Analyst Michael Pachter at Wedbush Morgan has released his preview of the NPD U.S. game charts for April, and is forecasting game sales of $489 million, up 24% compared to last year's $395 million.
The report, arriving before the actual NPD results, which will likely debut after market close on Thursday, May 17, suggests $345 million in software sales contribution from new platforms (PS3, Wii, 360, PSP and DS). Of the $345 million in next-gen game sales, $95 million is anticipated to be derived from Wii and PS3 releases.
The firm also expects that the Wii to have outsold the PlayStation 3 by a 3:1 margin during the month, with the consoles having sold through 300,000 and 100,000 units respectively. Looking to other hardware platforms, Wedbush expects that the Xbox 360 sold through 175,000 units for the period, while the PlayStation 2 is expected to continue to impress, with 250,000 units sold during April. As far as handhelds, the firm feels the Nintendo DS will continue to be the strongest of the lot with an estimated 450,000 units sold, followed by the PSP with 200,000 and finally the Game Boy Advance with 100,000 units sold.
The firm believes that April's software sales were driven by Nintendo's Pokemon Diamond/Pearl for the Nintendo DS, titles which Nintendo revealed surpassed 500,000 preorders a week before the games were released. “We estimate that the title sold over 800,000 units during the month,” commented Pachter, who added that the firm continues to expect “strong sales” from recent releases such as Ghost Recon Advanced Warfighter 2 for the Xbox 360, God of War II for the PlayStation 2, and Activision's Guitar Hero II for the Xbox 360.

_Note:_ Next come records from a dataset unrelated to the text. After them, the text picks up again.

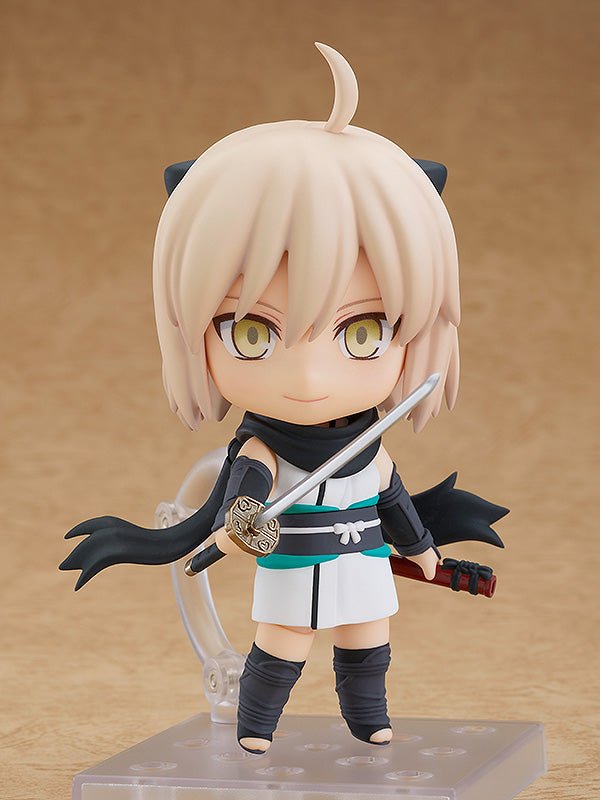 Nendoroid Fate/Grand Order Saber/Souji Okita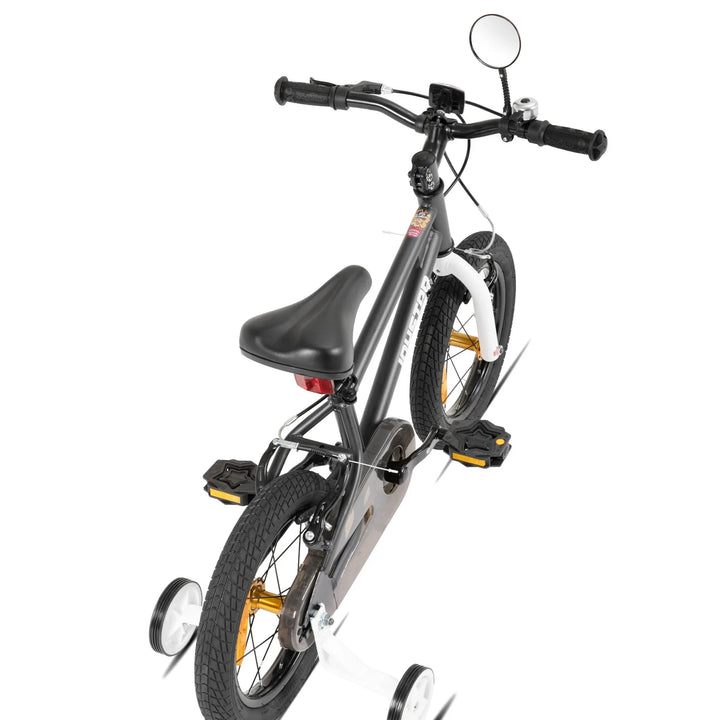JOYSTAR Lomand Kids Bike with V-brakes EU JOYSTAR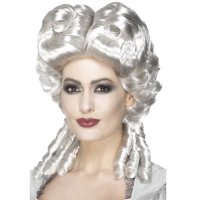Deluxe Marie Antoinette Wigs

Looking to Activision specifically, Pachter noted belief that the publisher generated $60 million in sales for the month, up significantly compared to last April. “We believe that sales were once again led by Guitar Hero II (360) selling 350,000 units,” wrote the analyst. “The game was supply constrained throughout the month, and our estimate reflects an attach rate of almost 12% in only five weeks of release. It is possible that the game sold a greater number of units, as we think that the overall attach rate on the Xbox 360 may ultimately approach 20%.”

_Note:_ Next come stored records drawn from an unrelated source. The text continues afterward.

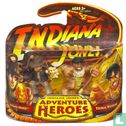Wave 1: Indiana Jones adventure heroes - Afbeelding 3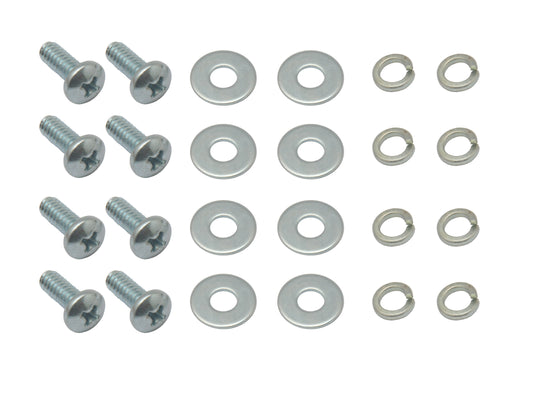 Holden Screws Glove Box Lid Hinge Kit HK HT HG HQ  door  glovebox - FK1132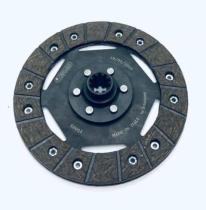 MECANICA 150250 - DISCO EMBRAGUE Ø160 Z10 ( 15,5X19X3 )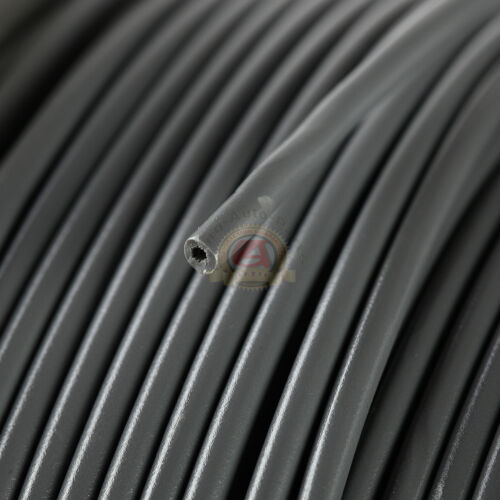 16 GAUGE 500Ft WIRE GRAY 500' PRIMARY AWG STRANDED COPPER MADE IN USA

He further noted the firm does not expect the recently released movie tie-in Spiderman 3, which launched the day before the reporting month ended, sold more than 100,000 units through pre-orders, and that Activision's catalog sales were led by games pulled from the Call of Duty, Marvel, and Tony Hawk franchises.
Other companies expected to report gains for April include Ubisoft with an estimated $32 million in sales for the month, and Majesco with a predicted $3 million in sales, driven primarily by Cooking Mama for the Wii. On the down side, Wedbush expects that Atari, Electronic Arts, Midway, Take-Two, and THQ to all report results that reflect lower sales than those reported the prior year.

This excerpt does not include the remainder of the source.